ブログ特別不定期連載記事「懐かしの名盤ジャンジャカジャーン」である。音楽と密接に生きてきた昭和40年男にとっての名盤を、僕の独断でセレクトしていこうというもので、 今回はクイーンの名盤についての4回目だ。クイーンは僕ら昭和40年男にとって密接だった方も多いことだろう。さて、僕が選ぶ一枚は?

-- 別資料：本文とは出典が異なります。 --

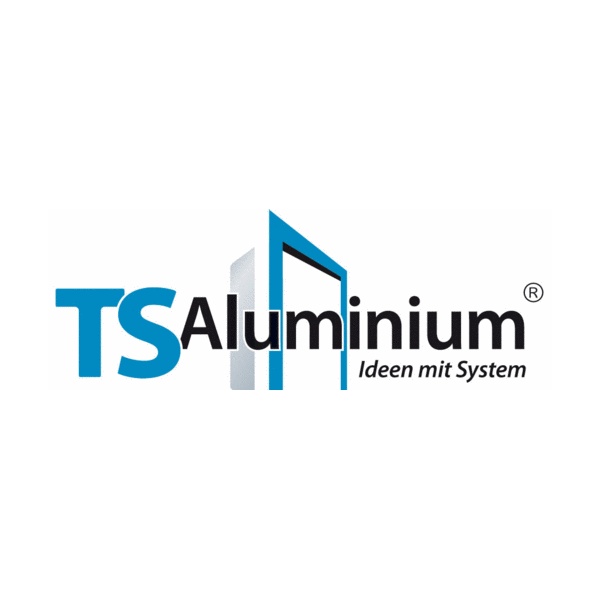 TS-Aluminium-Profilsysteme GmbH & Co. KG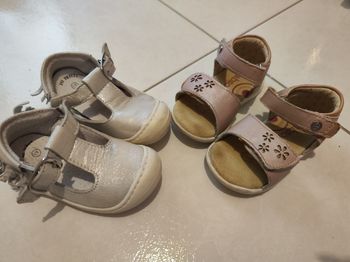 Sandales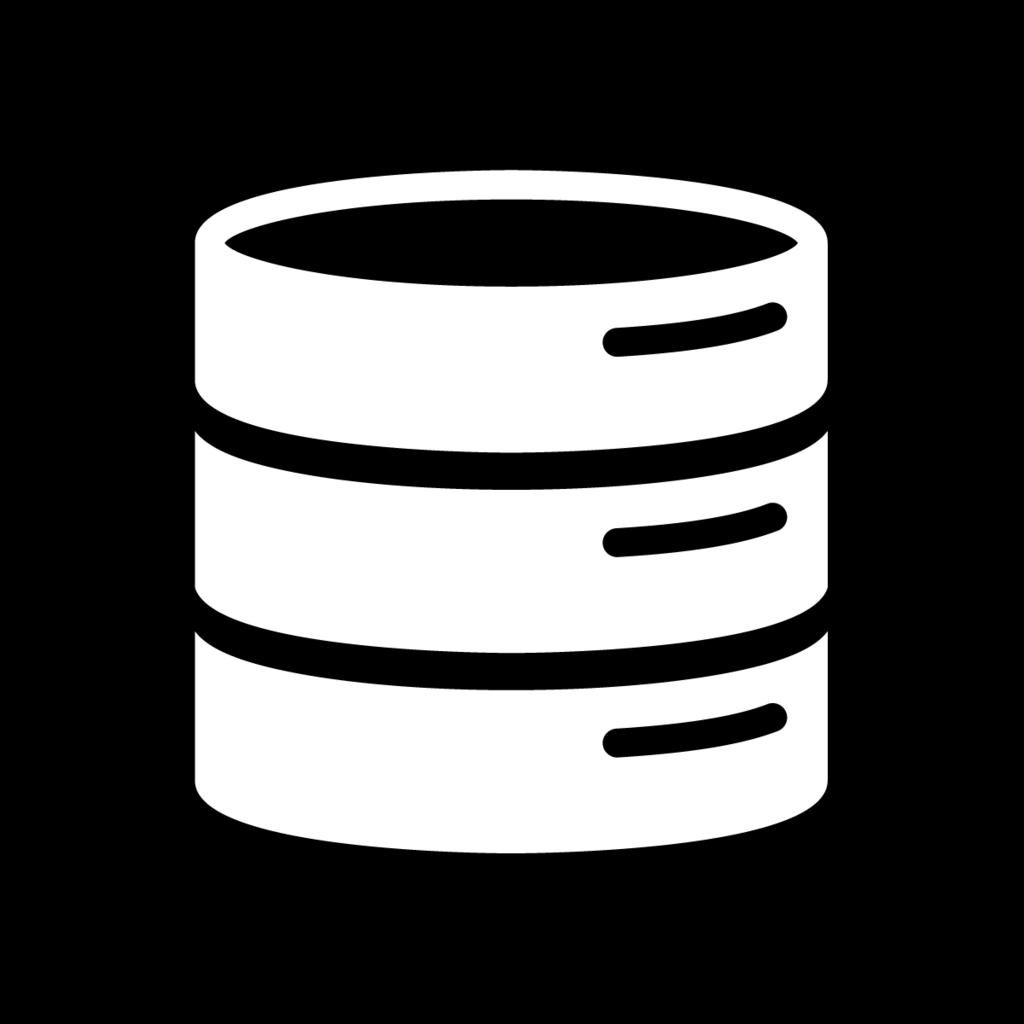 Big Data SQL Announcing Generic Database 12c Support Big Data SQL for generic Oracle 12c DB (incl.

少ないお小遣いを投資し続け『フラッシュ・ゴードン』(’80) までの9枚をすべて揃えて聴きまくっていたが日々が過ぎ、やがてマイ・フェイバリット・バンドの座からあっけなく滑り落ちてしまった。一時は華美で甘いクイーンサウンドを完全否定するほど離れてしまう。そのまま放置されていたアナログレコードたちはかわいそうだった。しばらくの時間を経たある日の夕刊で、ヴォーカルのフレディ・マーキュリーがHIV感染による合併症で亡くなったことを知った。ひどく悲しい衝撃的な事件だった。ロックスターにこんな死に様は考えられない。1991年のことだから僕はもう26歳になっていて、そのころは重度のブルース中毒から抜け出して、スクエアに音楽を楽しめるようになっていた。僕を音楽の素晴らしい世界へと誘ってくれたクイーンだから、追悼の意味を込めて『ホット・スペース』(’82) 以降のすべてのアルバムを聴いたのだった。慣れ親しんだ9枚も聴き直した。昨日も書いたが、前作の成功で練り上げたもののぶち壊しっぷりに、あらためて感心させられたものだ。もちろんかつて聴きまくった世界観にも、あらためて感動した。

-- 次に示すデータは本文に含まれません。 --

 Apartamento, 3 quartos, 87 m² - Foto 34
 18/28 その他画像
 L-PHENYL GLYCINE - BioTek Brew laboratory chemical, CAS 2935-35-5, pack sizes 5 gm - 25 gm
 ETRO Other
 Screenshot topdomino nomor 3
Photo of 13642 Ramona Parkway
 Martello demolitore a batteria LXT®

ラストアルバムである『イニュエンドウ』は、初期のサウンドっぽい要素が散りばめてあり、涙を誘う。そしてなんといってもラストの「ショウ・マスト・ゴー・オン」はいろんな意味ですごすぎる。ラストアルバムのラストナンバーで幕は降ろさないと宣言するのは、なんともクイーンらしいではないか。フレディの歌いっぷりときたら、もう完全に自分の死を覚悟しているかのように聴こえる。死の10ヶ月前だから、まだまだそんなつもりではなかっただろうが、結果的に死んでもなお幕を降ろさないという悲しい宣言となってしまった。
そういう感情もひっくるめてであるが、クイーンのベストナンバーとして僕が選ぶのは「ショウ・マスト・ゴー・オン」である。あれっ、ベストアルバムの話じゃなかったっけ? まあまあ、もうちょっと引っ張らせてよ。なんてったって僕にとっては洋楽への第一歩となったバンドだったのだから。